March is Women’s History Month, a time to honour women in history who have fought for equal rights
In honour of Women’s History Month 2023, five sets of documents prepared by the Historical Archives of the European Union are currently displayed at the “Purple Corner” just inside the Library entrance.
Four of them contain documents relating to four women named below, who played active roles in women’s rights and women’s emancipation in Western Europe after WW II.
What is truly remarkable is their genuine devotion, full commitment, endless work, immense patience and unselfish courage.

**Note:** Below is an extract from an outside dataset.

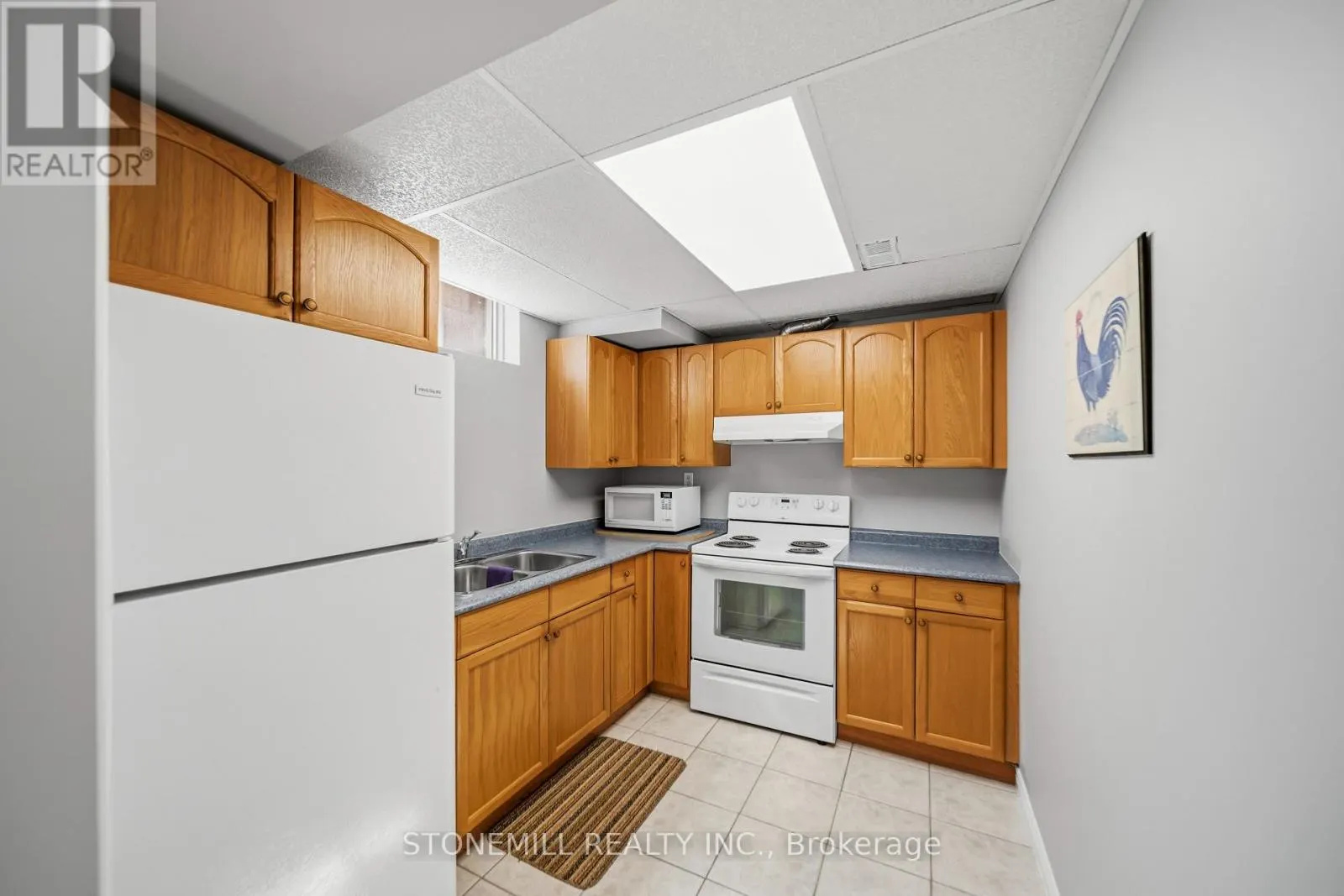 1661 DEMPSEY CRESCENT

Fausta Deshormes La Valle was a journalist and law graduate, fiercely supportive of the European integration process, and creator of the first European Documentation Centres, now present in more than 400 universities. Founder of the Women's Press and Information Service, and Director, in 1992 she was named honorary member of the European Commission. She can be considered as one of the "Mothers of Europe".
Simone Veil, lawyer, politician and feminist, served as France’s Health Minister between 1974 and 1979. She was then elected President of European Parliament, making her the first President of a directly-elected Parliament and its first female President. She is admired for both her political and personal courage, having survived the Auschwitz-Birkenau concentration camp.
Ursula Hirschmann was involved in the anti-fascist movement during WWII, and managed to smuggle entotene Manifesto "for a free and united Europe" into mainland Italy and helped to disseminate it. Co-founder of the Movimento Federalista Europeo in 1943, Hirschmann fled to Switzerland and became involved in organising the first international federalist congress in Paris in 1945. Hirschmann’s political commitment did not end after the Second World War. In 1975, she founded the Femmes pour l’Europe association in Brussels.
Yvonne de Wergifosse was a diplomat, and in 1962 she became Secretary General of the non-governmental organisation, European League for Economic Cooperation; and later President of International Women’s Commission of the European Movement.
The fifth set of documents describe the origins of gender/women studies at the EUI, the people involved and the topics discussed.